Please output the data below exactly as given, starting at its first line and stopping after the line that contains "Women who smoke".

[Opening INPUT section]

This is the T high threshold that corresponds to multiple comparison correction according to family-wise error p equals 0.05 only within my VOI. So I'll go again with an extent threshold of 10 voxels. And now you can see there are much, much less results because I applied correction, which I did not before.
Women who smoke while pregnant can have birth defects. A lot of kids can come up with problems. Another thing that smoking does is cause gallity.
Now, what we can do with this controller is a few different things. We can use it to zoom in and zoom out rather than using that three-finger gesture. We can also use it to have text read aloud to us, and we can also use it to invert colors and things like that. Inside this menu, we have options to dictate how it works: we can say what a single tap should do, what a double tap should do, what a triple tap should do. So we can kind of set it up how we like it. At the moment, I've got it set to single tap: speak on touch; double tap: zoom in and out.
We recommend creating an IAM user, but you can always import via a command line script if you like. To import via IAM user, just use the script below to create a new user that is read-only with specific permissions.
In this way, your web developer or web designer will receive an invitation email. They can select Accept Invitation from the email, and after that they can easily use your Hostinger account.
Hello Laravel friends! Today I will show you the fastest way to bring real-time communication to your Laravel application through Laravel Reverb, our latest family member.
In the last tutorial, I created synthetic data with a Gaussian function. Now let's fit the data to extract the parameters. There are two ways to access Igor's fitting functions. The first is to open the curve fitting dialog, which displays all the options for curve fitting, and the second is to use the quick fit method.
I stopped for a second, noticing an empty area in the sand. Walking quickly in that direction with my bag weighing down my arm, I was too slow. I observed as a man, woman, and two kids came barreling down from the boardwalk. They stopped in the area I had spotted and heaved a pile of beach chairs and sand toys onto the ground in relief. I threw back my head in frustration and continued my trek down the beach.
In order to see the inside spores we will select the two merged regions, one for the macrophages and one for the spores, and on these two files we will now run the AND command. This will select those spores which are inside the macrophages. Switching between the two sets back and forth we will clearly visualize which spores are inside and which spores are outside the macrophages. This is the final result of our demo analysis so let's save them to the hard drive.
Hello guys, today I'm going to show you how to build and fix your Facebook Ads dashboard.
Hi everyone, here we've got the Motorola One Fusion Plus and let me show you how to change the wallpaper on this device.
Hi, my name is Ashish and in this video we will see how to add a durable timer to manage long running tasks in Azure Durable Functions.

[Closing INPUT section]

EXPECTED OUTPUT:
This is the T high threshold that corresponds to multiple comparison correction according to family-wise error p equals 0.05 only within my VOI. So I'll go again with an extent threshold of 10 voxels. And now you can see there are much, much less results because I applied correction, which I did not before.
Women who smoke while pregnant can have birth defects. A lot of kids can come up with problems. Another thing that smoking does is cause gallity.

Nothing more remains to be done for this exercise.